It began for me with a single drop of water.

It was 1992. My first time in the Blue Mountains since a primary school excursion to the Three Sisters and Jenolan Caves in 1976, when I was stoked to bring home an elaborate Three Sisters snowdome with a calendaring dial built into the bright red stand.

I stood with my face almost touching a wall of glass, a sheer window looking out into an immense depth, a profound, almost unfathomable dark green chasm girded by sandstone precipices and a halo of mist and cloud. It had been raining all afternoon. In the diminishing light the distant wet cliffs looked dark orange, blood red, gold. A motionless wing of pure white cloud floated over the valley floor like an apparition on a billow of air.

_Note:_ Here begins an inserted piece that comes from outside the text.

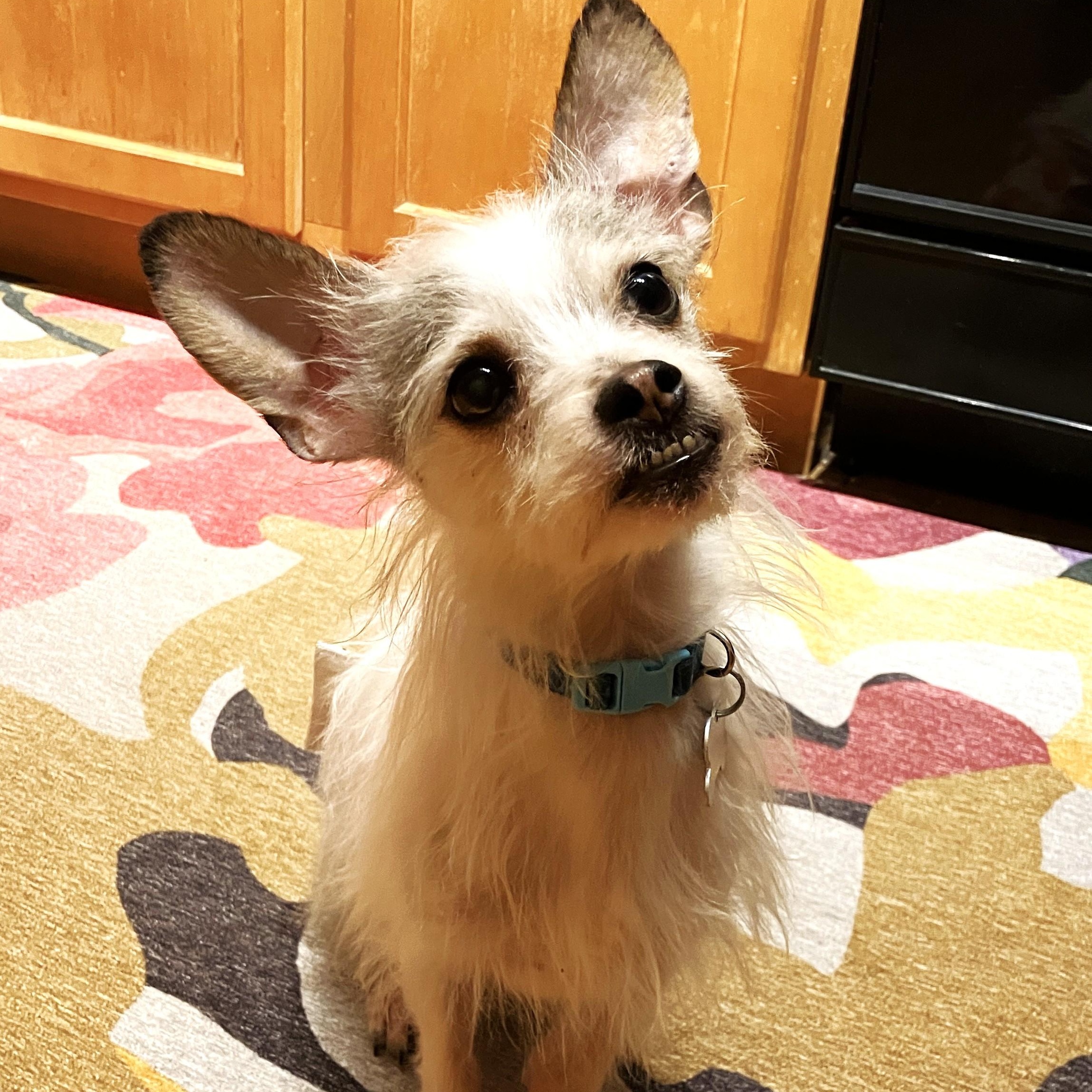 Enlarge Gerald, an adoptable mixed breed in Palatine, IL image 2/5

The small eyrie that belonged to my new girlfriend’s uncle had been built on the edge of a dramatic plunge above Leura Cascades. My girlfriend and I, on a study break from uni, had spent a rainy day between bed and a luxurious spa-bath set beside the window. Standing in a cotton kimono I’d brought back with me from Japan, a candle burning beside the bath, I looked out into the deepening abyss.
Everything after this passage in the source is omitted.